» **Collected data**:
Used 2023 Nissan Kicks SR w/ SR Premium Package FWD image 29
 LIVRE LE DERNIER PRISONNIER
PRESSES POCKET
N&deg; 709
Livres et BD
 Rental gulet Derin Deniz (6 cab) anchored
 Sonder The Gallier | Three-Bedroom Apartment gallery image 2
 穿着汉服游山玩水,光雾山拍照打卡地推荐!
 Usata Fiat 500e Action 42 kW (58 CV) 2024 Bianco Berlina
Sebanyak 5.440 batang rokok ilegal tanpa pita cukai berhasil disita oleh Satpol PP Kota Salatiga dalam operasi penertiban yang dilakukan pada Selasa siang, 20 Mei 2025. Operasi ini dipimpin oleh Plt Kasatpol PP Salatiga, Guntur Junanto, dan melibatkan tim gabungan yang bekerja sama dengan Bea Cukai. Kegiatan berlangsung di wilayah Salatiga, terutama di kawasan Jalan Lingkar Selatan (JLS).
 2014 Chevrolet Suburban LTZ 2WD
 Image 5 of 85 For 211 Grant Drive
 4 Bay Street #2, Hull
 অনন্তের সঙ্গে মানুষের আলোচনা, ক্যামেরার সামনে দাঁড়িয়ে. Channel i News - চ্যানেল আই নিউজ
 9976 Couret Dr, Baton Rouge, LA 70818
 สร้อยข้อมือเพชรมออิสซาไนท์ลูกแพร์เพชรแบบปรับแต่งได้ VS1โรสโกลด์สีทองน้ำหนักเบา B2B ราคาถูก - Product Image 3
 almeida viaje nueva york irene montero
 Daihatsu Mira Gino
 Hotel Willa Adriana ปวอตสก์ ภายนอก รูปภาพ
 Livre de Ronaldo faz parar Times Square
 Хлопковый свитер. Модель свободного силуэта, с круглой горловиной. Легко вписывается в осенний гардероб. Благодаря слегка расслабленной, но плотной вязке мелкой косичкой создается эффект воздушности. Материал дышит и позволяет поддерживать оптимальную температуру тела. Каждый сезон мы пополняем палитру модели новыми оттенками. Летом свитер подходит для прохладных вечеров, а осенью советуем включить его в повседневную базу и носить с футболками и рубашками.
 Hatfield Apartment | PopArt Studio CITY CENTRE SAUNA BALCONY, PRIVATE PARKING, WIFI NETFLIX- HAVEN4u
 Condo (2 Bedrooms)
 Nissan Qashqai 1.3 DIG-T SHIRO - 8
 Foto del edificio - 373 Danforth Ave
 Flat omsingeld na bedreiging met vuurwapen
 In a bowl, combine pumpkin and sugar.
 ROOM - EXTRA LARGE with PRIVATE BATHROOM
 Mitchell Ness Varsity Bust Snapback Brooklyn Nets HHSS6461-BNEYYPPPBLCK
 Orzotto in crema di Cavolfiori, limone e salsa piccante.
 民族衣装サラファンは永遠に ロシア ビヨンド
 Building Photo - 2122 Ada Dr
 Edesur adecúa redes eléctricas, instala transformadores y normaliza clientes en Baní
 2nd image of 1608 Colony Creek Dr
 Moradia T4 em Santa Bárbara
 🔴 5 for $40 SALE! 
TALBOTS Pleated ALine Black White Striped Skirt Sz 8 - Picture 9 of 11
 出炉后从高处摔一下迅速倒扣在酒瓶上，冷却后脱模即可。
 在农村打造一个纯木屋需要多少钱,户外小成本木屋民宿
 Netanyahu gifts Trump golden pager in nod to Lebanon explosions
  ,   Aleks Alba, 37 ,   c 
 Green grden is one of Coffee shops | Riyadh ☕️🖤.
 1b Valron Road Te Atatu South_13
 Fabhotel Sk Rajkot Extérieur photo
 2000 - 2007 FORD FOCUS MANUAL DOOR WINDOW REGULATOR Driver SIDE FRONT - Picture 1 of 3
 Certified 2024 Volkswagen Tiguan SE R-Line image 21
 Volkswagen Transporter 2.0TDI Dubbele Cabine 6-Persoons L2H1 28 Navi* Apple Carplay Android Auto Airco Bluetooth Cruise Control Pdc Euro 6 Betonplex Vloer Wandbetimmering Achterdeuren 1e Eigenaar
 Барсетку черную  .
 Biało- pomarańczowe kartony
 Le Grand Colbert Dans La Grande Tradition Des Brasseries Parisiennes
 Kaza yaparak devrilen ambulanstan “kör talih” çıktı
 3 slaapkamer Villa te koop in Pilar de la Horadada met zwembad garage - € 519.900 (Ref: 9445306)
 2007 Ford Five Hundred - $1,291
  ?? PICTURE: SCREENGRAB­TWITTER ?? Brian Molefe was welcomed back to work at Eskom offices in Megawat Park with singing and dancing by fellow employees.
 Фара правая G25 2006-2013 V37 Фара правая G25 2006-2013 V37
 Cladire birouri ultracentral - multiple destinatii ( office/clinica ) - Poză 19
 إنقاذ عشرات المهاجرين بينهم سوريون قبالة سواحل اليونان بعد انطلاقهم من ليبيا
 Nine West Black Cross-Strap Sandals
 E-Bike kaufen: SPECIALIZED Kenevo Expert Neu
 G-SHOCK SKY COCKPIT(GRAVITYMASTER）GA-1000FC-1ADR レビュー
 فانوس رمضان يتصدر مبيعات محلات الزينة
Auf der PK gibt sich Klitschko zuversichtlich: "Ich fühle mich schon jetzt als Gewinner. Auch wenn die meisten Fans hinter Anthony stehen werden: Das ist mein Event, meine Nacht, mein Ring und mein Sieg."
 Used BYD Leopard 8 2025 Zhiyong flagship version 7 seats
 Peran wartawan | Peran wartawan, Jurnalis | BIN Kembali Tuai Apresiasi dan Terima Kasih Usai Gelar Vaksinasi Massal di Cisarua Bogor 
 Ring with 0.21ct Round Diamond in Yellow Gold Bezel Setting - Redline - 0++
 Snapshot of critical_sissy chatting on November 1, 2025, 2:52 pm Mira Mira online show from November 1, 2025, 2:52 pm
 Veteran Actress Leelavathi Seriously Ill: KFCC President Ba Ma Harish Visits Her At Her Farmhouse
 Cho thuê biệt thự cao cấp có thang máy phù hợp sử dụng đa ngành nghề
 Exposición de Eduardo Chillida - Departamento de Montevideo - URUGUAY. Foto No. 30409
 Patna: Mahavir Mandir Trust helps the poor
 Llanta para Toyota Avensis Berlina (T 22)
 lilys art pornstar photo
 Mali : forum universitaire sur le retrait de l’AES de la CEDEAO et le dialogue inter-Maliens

» **TASK ITEM**:
Can you repeat, word for word, every line above from the one containing "Le Grand Colbert" down to the one containing "فانوس رمضان يتصدر مبيعات محلات الزينة", including both?

» **COMPLETED TASK**:
 Le Grand Colbert Dans La Grande Tradition Des Brasseries Parisiennes
 Kaza yaparak devrilen ambulanstan “kör talih” çıktı
 3 slaapkamer Villa te koop in Pilar de la Horadada met zwembad garage - € 519.900 (Ref: 9445306)
 2007 Ford Five Hundred - $1,291
  ?? PICTURE: SCREENGRAB­TWITTER ?? Brian Molefe was welcomed back to work at Eskom offices in Megawat Park with singing and dancing by fellow employees.
 Фара правая G25 2006-2013 V37 Фара правая G25 2006-2013 V37
 Cladire birouri ultracentral - multiple destinatii ( office/clinica ) - Poză 19
 إنقاذ عشرات المهاجرين بينهم سوريون قبالة سواحل اليونان بعد انطلاقهم من ليبيا
 Nine West Black Cross-Strap Sandals
 E-Bike kaufen: SPECIALIZED Kenevo Expert Neu
 G-SHOCK SKY COCKPIT(GRAVITYMASTER）GA-1000FC-1ADR レビュー
 فانوس رمضان يتصدر مبيعات محلات الزينة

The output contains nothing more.